Topic: Sports & Entertainment

Learning From Bonds’ Defenders
(3/15/2006)

Nothing reveals the popularity of flawed ethical reasoning more vividly than when credible accusations of unethical conduct are leveled against a prominent public figure. President Clinton’s Monica problem launched months of fevered defenses on cable news shows, radio talk shows and C-Span, almost all of them governed by rationalizations rather than logic. As the walls close in around Barry Bonds and the conclusion that his late-career blossoming into one of the greatest sluggers in baseball history was fueled by illegal performance-enhancing drugs becomes more unavoidable, many fans, reporters, columnists, bloggers and players are following in the Clinton defenders’ footsteps, with additional variations specific to Bonds’ situation. Recognizing and avoiding rationalizations is essential to behaving ethically, so it is instructive to consider those currently on prominent display. Any of us will be tempted to use their like some day, for our own purposes, or to bolster our fallen heroes.

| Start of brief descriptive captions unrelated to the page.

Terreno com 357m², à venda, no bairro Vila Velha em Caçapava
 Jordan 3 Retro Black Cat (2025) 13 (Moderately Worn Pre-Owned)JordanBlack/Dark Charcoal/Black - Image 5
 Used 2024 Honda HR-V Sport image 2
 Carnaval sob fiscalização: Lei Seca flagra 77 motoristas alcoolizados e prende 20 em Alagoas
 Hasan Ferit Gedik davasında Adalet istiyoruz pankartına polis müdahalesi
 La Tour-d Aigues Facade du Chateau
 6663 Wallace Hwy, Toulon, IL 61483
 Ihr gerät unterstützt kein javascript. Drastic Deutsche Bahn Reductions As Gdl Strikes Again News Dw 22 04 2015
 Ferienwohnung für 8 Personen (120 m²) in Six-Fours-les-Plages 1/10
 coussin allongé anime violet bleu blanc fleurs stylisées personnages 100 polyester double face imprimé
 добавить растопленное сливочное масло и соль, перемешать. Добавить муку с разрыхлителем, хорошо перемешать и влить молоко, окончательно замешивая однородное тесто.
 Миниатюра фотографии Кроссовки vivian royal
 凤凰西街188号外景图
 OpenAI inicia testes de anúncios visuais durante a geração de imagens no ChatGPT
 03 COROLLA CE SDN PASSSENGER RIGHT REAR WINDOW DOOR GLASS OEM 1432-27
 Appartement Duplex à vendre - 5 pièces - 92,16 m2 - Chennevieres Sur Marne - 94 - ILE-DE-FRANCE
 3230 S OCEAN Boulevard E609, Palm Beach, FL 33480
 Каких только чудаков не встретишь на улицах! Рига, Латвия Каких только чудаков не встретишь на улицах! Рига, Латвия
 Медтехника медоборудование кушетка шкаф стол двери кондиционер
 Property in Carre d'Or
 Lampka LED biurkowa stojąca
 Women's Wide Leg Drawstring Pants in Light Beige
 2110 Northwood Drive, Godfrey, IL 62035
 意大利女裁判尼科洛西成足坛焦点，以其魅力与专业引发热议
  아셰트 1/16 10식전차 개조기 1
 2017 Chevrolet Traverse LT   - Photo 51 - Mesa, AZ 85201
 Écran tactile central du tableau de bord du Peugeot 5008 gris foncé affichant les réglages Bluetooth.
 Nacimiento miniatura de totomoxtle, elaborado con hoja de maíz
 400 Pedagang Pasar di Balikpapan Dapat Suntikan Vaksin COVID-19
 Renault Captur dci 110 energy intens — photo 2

“The Presumption of Innocence” Myth. The Scoreboard discussed this in its last Bonds comment (“Being Fair to Barry Bonds”), but omitted the clearest example of why the presumption of innocence has nothing to do with rightly concluding that someone is guilty of misconduct when the evidence is overwhelming. Let us presume your companion, standing right next to you, suddenly ran up to someone on the street and strangled him right before your eyes, in broad daylight, then came back to you and said, “I’m sorry you had to see that, but I just had to kill the guy.” Would you later maintain that there was a question whether he had actually committed the murder? In the eyes of the law, your deadly companion would still be technically “innocent,” because a jury hadn’t pronounced him guilty. But this wouldn’t mean that there was the slightest doubt that he committed the act, and it would be unreasonable, indeed absurd, for you to claim otherwise. The huge amount of documentation and testimony gathered in the book “Game of Shadows” places Bonds perilously close to the status of your fictional companion. At a certain point, the presumption of innocence concerns only process, not truth.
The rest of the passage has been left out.